Para minimizar essas dúvidas que pairam sobre o Copom é que Faiad defende uma composição mais plural da diretoria do BC, formada cada vez mais por servidores de carreira do órgão, que não têm ligações com instituições financeiras.
“Não adianta o BC ter uma autonomia na lei se, na prática, o pensamento e as relações dos diretores são todas vinculadas com o mercado”, disse ele. “Se vem muita gente do mercado, as decisões podem ter interesses outros que não técnicos.”
Decisão de Lula
Dos quatro membros do Copom que Lula poderá trocar durante seu governo, dois já têm mandato expirado: Paulo Souza e Bruno Fernandes. Só seguem opinando sobre a Selic porque o presidente não decidiu se vai reconduzí-los ou apontará novos nomes.
O ministro da Fazenda, Fernando Haddad (PT), já disse ter enviado a Lula três sugestões para a diretoria do BC. Dentre elas, estariam nomes do mercado e da academia. Caberia, agora, a Lula decidir pelas indicações.
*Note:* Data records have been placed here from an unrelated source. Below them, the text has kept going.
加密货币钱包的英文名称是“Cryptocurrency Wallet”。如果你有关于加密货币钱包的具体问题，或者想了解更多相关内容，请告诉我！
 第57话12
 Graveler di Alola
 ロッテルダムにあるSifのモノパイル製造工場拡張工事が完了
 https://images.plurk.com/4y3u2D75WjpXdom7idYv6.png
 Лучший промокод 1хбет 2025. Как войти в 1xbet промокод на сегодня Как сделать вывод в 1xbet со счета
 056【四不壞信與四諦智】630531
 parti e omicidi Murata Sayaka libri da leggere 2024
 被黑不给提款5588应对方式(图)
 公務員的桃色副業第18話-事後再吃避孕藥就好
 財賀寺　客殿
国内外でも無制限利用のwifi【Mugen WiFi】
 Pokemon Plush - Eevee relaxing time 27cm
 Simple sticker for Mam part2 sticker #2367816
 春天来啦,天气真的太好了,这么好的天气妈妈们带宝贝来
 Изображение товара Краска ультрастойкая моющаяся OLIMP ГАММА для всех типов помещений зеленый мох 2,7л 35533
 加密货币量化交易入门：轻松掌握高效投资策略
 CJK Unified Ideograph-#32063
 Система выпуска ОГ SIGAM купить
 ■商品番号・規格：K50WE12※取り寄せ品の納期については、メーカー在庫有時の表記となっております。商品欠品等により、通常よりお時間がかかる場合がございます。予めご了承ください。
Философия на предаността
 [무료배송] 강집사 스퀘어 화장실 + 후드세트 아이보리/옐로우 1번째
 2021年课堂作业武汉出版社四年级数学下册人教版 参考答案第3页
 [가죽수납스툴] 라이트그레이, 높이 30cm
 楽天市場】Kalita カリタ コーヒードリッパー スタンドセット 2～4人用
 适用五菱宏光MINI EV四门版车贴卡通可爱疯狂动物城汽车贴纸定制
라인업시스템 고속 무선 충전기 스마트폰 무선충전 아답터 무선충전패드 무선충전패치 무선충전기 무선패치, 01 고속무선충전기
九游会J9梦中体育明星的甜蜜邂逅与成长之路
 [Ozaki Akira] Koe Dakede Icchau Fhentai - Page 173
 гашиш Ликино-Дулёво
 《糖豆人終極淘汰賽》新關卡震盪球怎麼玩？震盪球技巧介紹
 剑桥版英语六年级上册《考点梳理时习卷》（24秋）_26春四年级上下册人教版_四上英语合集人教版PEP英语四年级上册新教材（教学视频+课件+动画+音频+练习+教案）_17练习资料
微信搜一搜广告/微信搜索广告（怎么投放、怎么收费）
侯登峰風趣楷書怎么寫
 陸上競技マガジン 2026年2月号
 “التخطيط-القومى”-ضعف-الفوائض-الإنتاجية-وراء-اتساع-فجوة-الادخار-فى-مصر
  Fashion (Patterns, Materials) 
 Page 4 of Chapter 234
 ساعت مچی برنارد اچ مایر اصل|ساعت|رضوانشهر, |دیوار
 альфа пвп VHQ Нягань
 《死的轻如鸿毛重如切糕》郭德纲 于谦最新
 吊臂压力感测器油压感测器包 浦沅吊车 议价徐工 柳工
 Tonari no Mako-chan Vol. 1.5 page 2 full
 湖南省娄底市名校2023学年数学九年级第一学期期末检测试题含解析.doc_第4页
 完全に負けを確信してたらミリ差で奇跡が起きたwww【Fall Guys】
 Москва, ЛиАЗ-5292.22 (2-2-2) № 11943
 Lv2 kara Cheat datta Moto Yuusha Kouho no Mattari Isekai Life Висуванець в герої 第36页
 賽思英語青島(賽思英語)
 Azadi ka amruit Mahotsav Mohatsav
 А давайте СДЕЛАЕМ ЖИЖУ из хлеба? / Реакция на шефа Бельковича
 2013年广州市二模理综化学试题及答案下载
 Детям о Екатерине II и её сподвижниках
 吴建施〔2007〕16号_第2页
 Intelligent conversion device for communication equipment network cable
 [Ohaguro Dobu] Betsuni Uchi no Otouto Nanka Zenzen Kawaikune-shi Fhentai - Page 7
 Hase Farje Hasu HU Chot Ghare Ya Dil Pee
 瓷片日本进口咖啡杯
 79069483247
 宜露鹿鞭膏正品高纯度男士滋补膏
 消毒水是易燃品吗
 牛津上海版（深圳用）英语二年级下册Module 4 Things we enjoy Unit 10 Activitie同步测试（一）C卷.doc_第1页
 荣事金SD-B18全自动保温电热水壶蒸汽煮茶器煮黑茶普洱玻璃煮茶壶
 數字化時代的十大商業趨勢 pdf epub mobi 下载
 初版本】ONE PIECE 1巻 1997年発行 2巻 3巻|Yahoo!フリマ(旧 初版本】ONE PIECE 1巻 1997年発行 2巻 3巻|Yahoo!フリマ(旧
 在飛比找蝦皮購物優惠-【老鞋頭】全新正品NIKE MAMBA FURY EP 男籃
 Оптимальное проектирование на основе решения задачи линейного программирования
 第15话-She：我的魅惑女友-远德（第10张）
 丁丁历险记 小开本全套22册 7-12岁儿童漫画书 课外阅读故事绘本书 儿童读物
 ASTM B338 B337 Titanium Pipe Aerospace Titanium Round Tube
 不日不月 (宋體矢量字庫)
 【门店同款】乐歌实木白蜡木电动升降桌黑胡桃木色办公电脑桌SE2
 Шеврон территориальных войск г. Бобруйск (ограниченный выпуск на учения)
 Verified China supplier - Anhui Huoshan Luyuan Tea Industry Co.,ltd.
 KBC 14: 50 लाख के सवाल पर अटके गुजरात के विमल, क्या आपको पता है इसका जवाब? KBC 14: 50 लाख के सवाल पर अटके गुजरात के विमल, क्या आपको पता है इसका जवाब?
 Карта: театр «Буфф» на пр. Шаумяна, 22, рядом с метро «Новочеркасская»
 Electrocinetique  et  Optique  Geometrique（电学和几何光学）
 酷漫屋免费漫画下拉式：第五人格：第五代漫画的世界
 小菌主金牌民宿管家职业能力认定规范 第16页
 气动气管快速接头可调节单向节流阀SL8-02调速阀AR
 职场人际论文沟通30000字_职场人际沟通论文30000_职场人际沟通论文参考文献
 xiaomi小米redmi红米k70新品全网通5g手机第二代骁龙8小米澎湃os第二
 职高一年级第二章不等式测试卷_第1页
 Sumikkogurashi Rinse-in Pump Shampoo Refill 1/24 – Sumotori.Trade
Dantas não acredita que Lula não vá ousar em suas escolhas. Manterá, assim, o perfil histórico do Copom.
“Lula mudou em alguns pontos, principalmente nesse enfrentamento ao mercado. Mas não vi nenhuma sinalização de que ele colocaria ali alguém com outro perfil”, disse.
Todos os indicados pelo presidente precisam ser aprovados numa sabatina no Senado antes de assumirem o cargo.